(Beginning of The records)
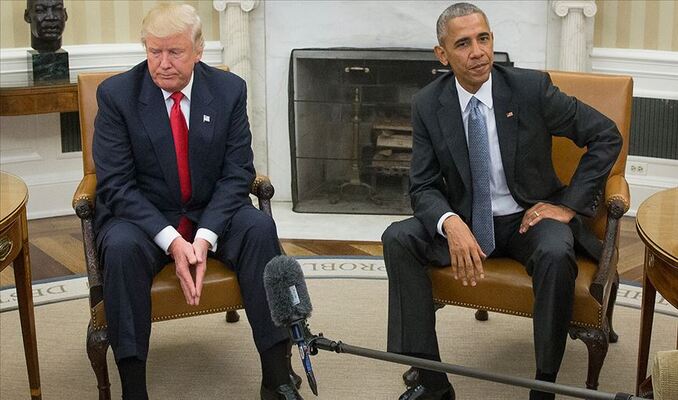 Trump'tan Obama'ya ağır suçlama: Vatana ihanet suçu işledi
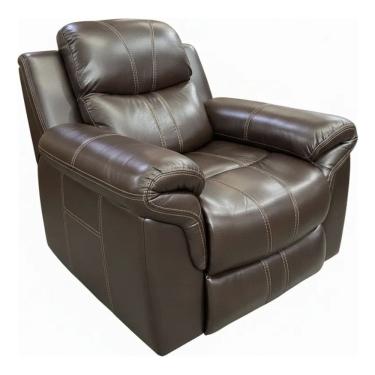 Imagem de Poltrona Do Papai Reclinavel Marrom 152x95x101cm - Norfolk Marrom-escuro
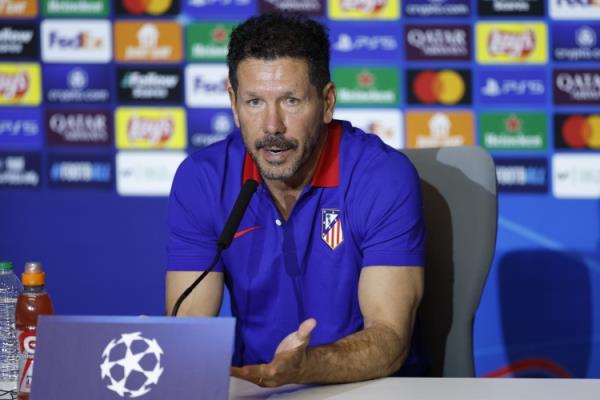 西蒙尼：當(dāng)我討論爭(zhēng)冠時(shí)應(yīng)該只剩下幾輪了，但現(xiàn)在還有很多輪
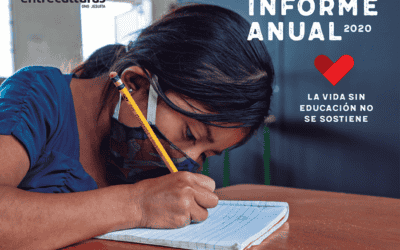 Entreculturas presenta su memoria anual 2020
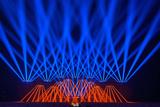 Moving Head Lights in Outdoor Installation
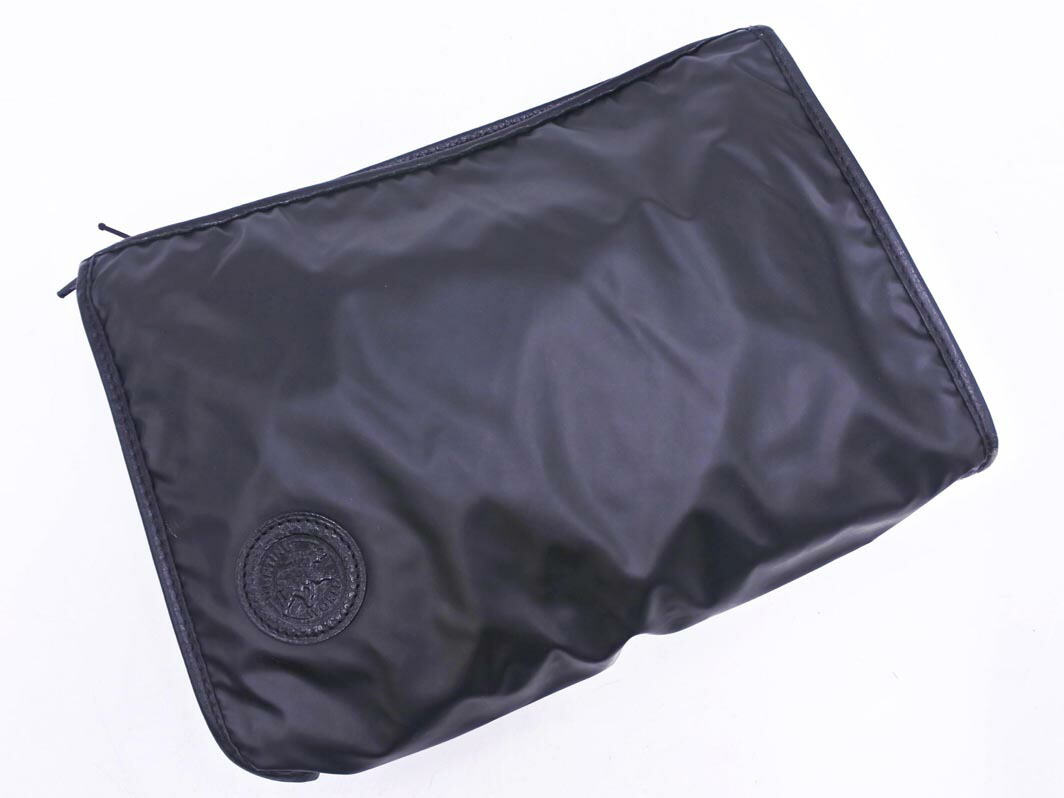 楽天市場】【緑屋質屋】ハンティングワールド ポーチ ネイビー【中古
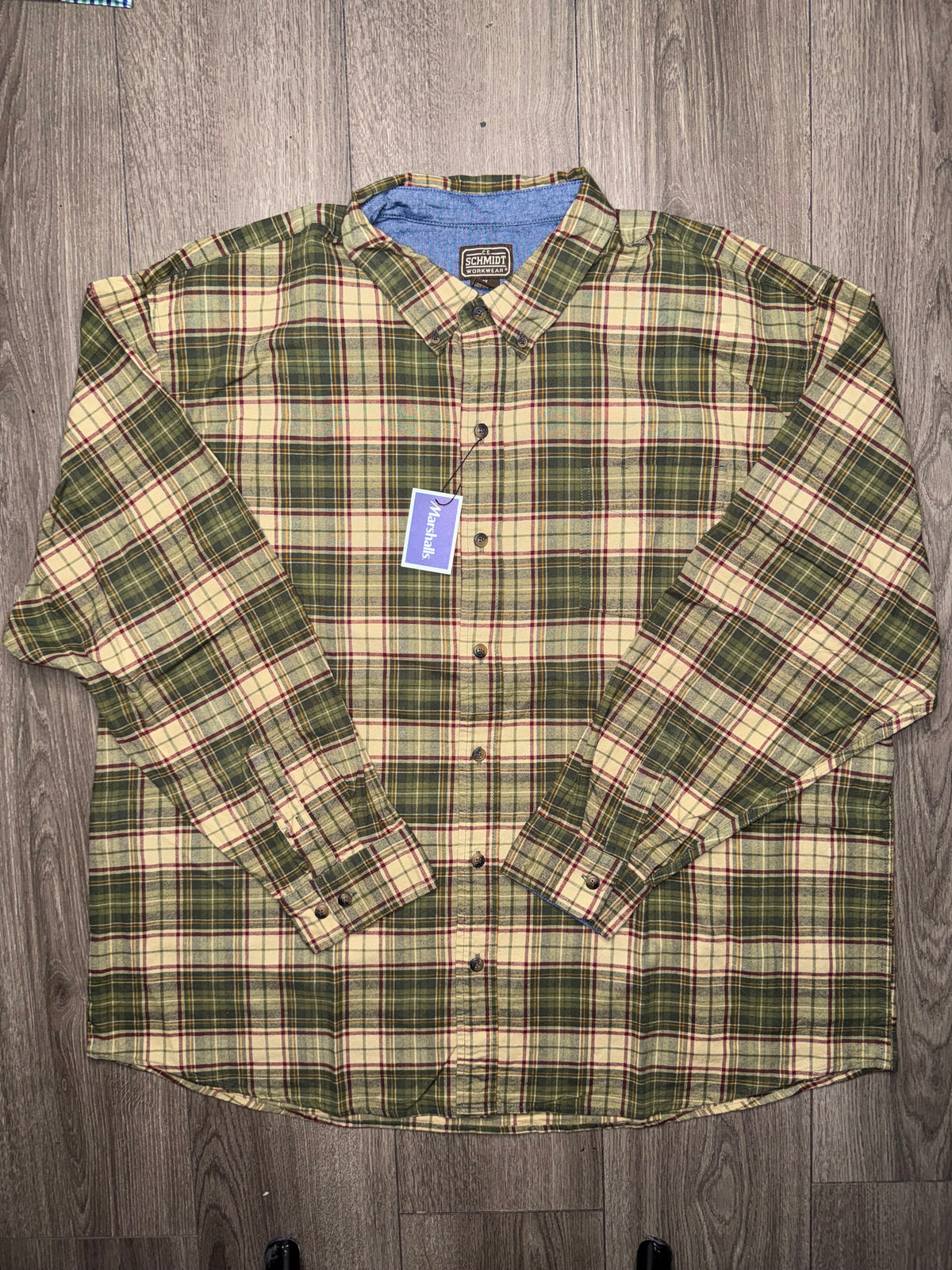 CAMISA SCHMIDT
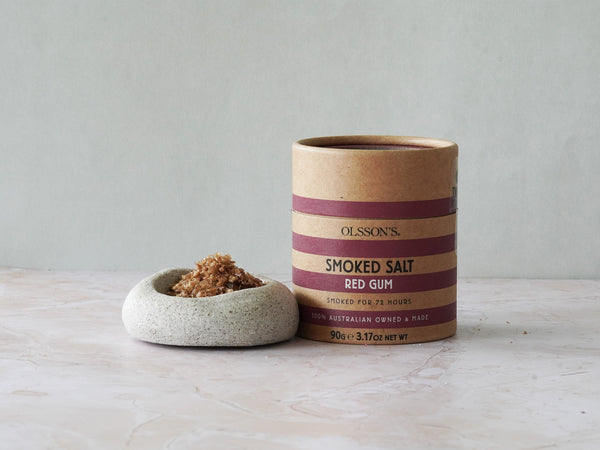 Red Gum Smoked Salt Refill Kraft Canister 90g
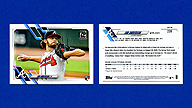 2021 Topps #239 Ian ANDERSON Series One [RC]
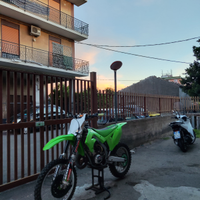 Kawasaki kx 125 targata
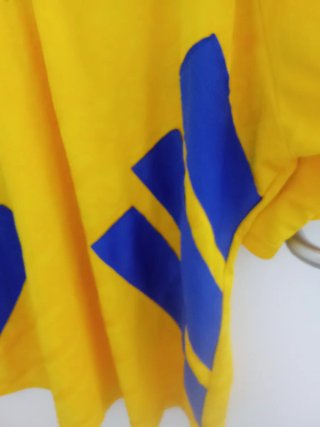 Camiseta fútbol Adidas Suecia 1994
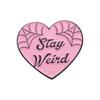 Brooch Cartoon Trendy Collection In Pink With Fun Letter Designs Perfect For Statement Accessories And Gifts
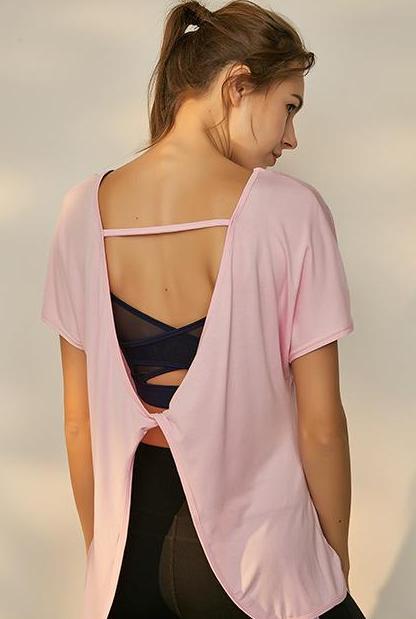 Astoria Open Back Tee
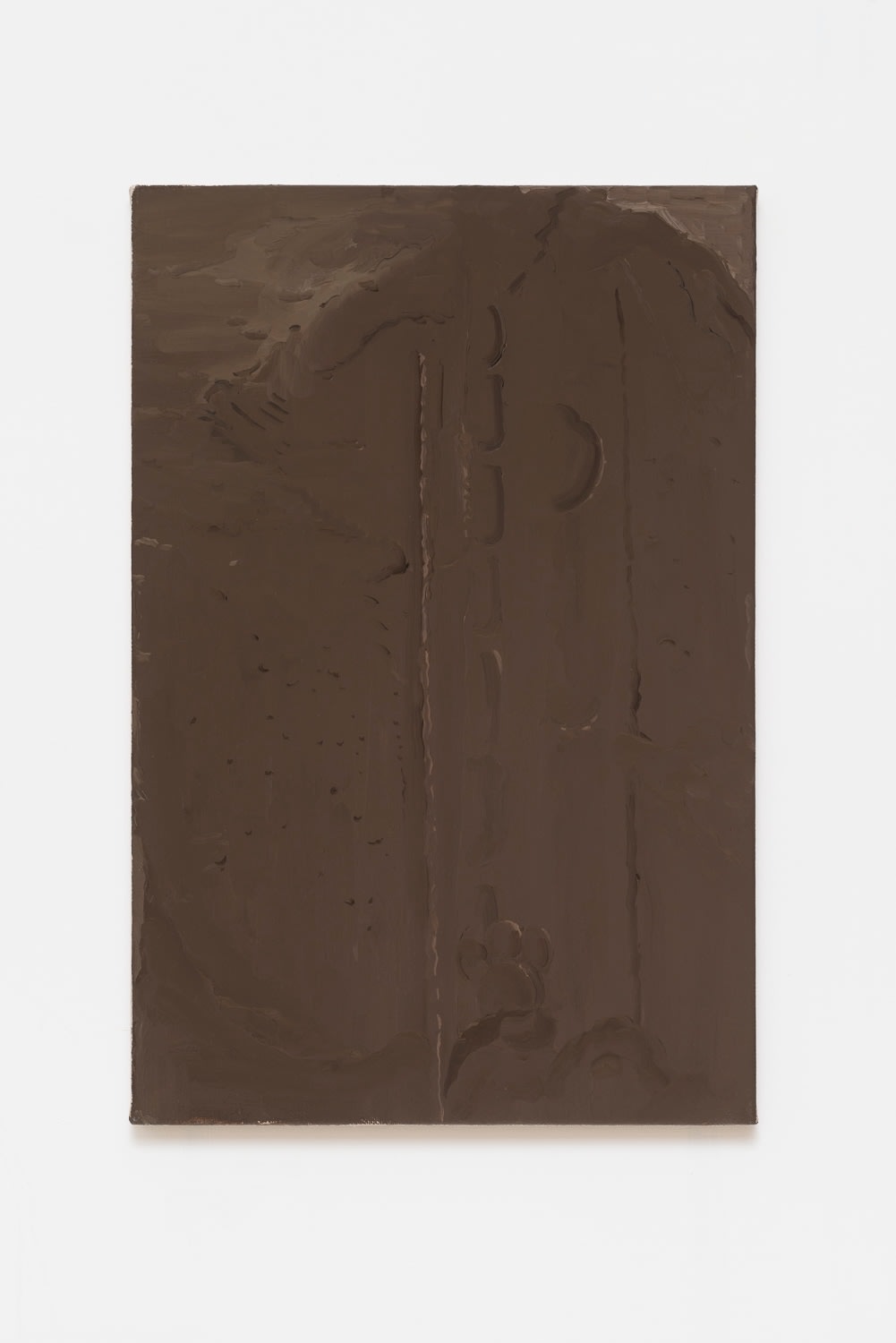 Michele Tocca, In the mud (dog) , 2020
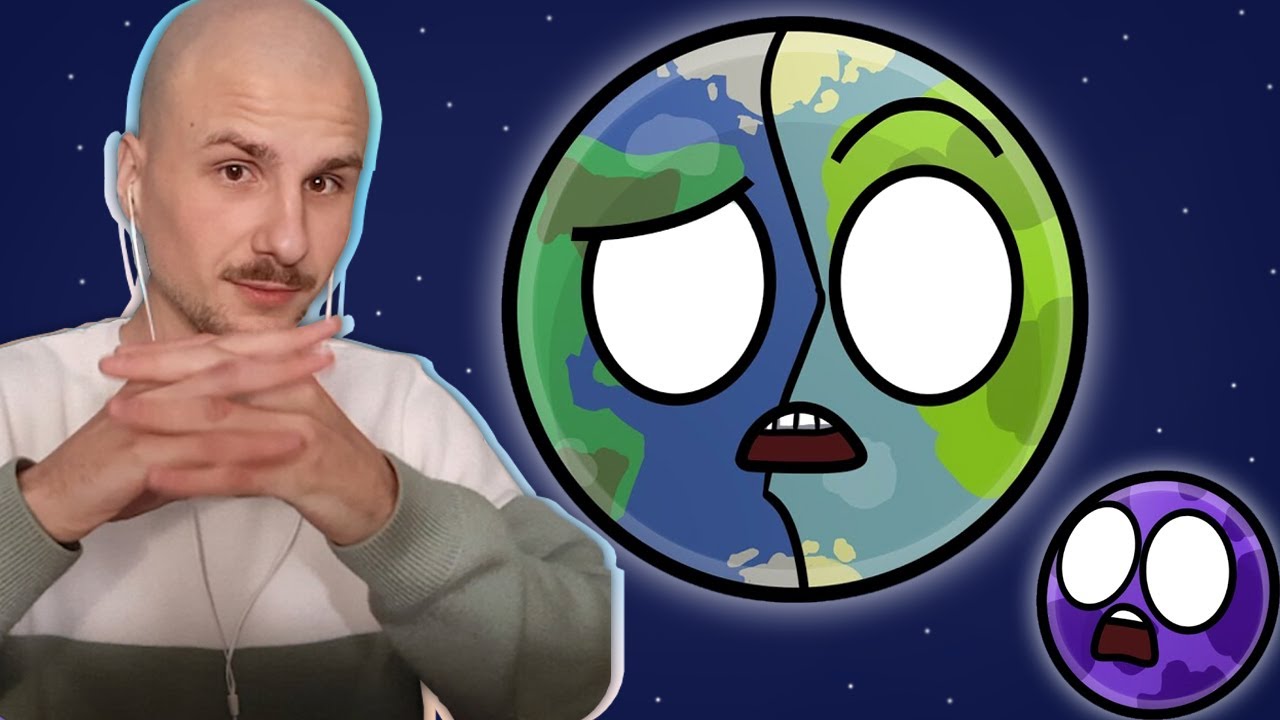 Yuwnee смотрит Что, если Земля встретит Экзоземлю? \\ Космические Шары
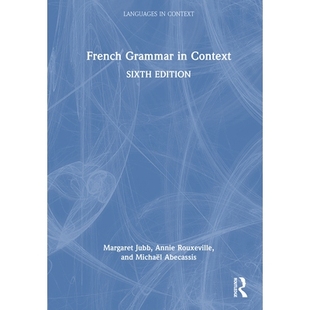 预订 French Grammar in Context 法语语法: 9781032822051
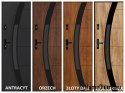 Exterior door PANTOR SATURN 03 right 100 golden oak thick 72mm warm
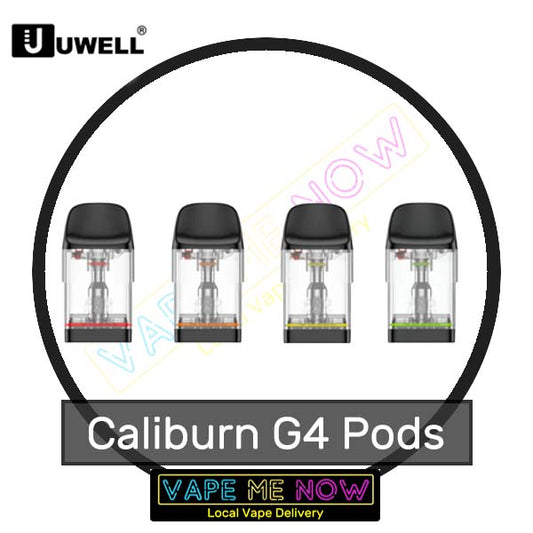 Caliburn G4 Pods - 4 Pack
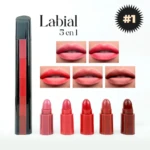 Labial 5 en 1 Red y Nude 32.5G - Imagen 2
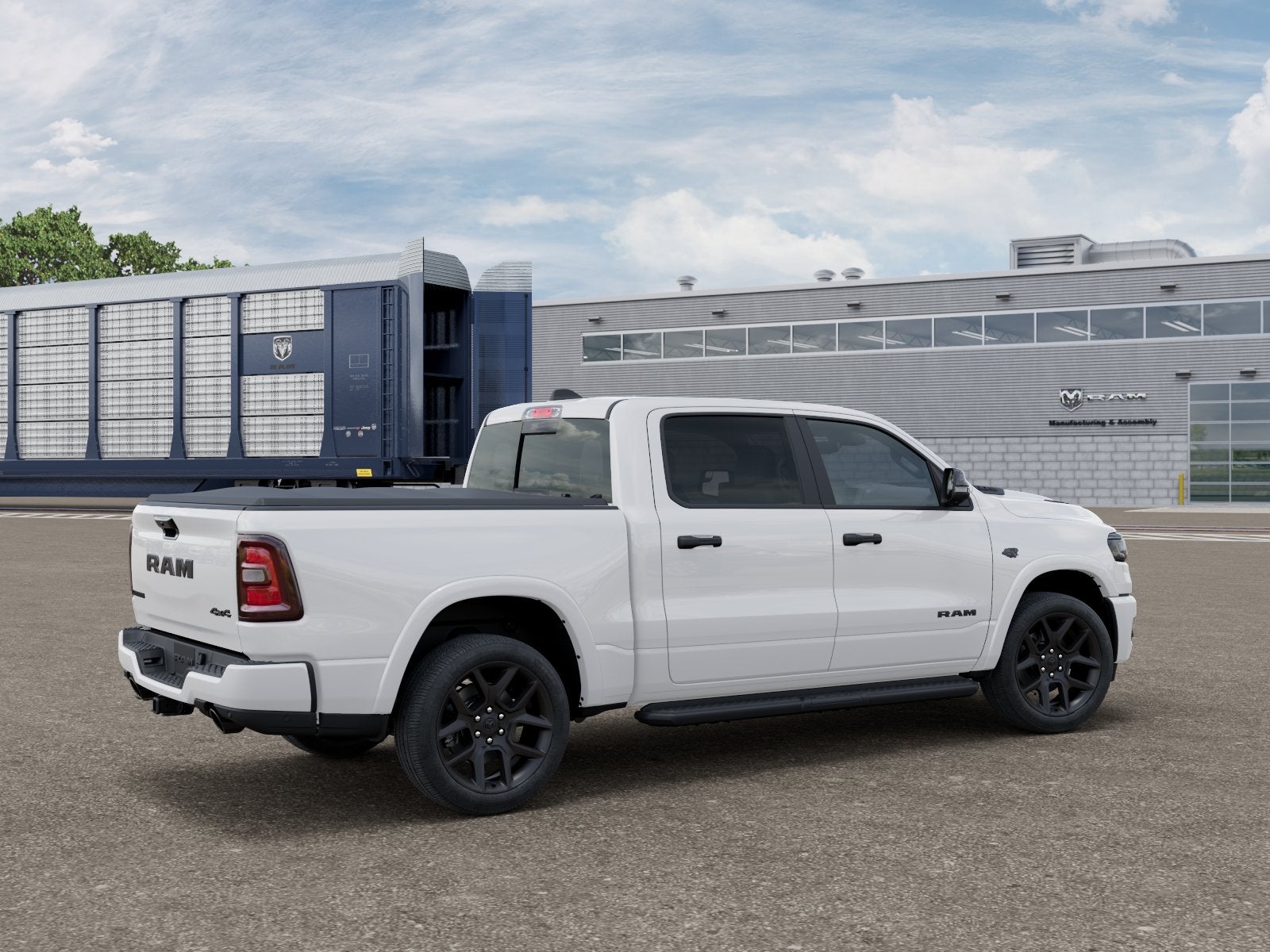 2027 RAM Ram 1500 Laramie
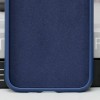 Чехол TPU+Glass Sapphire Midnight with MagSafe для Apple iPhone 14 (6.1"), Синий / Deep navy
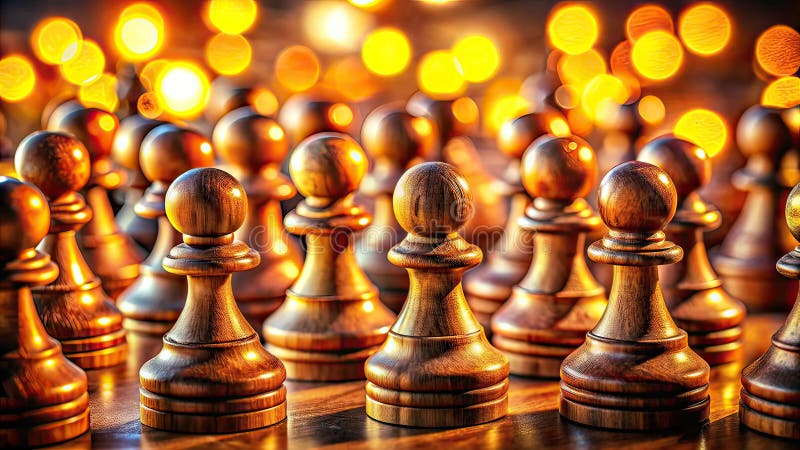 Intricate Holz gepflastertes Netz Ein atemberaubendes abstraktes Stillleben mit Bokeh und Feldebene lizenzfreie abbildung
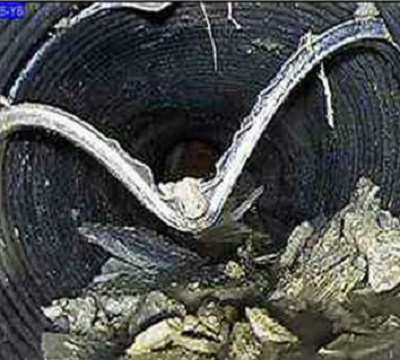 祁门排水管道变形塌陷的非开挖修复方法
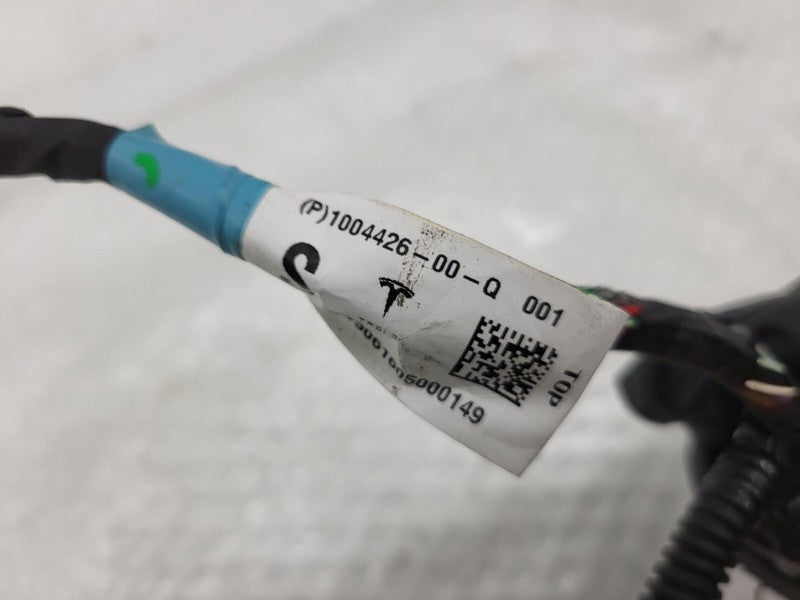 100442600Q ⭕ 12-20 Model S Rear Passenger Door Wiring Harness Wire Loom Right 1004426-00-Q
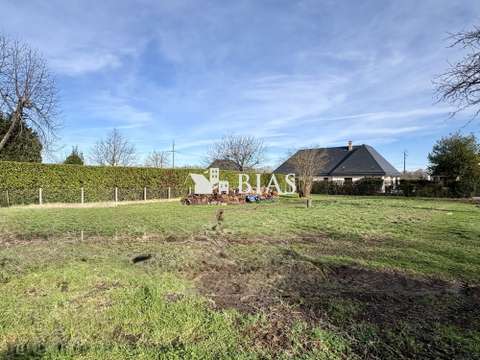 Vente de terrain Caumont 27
(End of The records)
About this task: Repeat the records above exactly, from the first line through the line that contains "Labial 5 en 1 Red y Nude 32.5G - Imagen 2", and leave out the pictures.

Solution for this exercise:
 Trump'tan Obama'ya ağır suçlama: Vatana ihanet suçu işledi
 Imagem de Poltrona Do Papai Reclinavel Marrom 152x95x101cm - Norfolk Marrom-escuro
 西蒙尼：當(dāng)我討論爭(zhēng)冠時(shí)應(yīng)該只剩下幾輪了，但現(xiàn)在還有很多輪
 Entreculturas presenta su memoria anual 2020
 Moving Head Lights in Outdoor Installation
 楽天市場】【緑屋質屋】ハンティングワールド ポーチ ネイビー【中古
 CAMISA SCHMIDT
 Red Gum Smoked Salt Refill Kraft Canister 90g
 2021 Topps #239 Ian ANDERSON Series One [RC]
 Kawasaki kx 125 targata
 Camiseta fútbol Adidas Suecia 1994
 Brooch Cartoon Trendy Collection In Pink With Fun Letter Designs Perfect For Statement Accessories And Gifts
 Astoria Open Back Tee
 Michele Tocca, In the mud (dog) , 2020
 Yuwnee смотрит Что, если Земля встретит Экзоземлю? \\ Космические Шары
 预订 French Grammar in Context 法语语法: 9781032822051
 Exterior door PANTOR SATURN 03 right 100 golden oak thick 72mm warm
 Caliburn G4 Pods - 4 Pack
 Labial 5 en 1 Red y Nude 32.5G - Imagen 2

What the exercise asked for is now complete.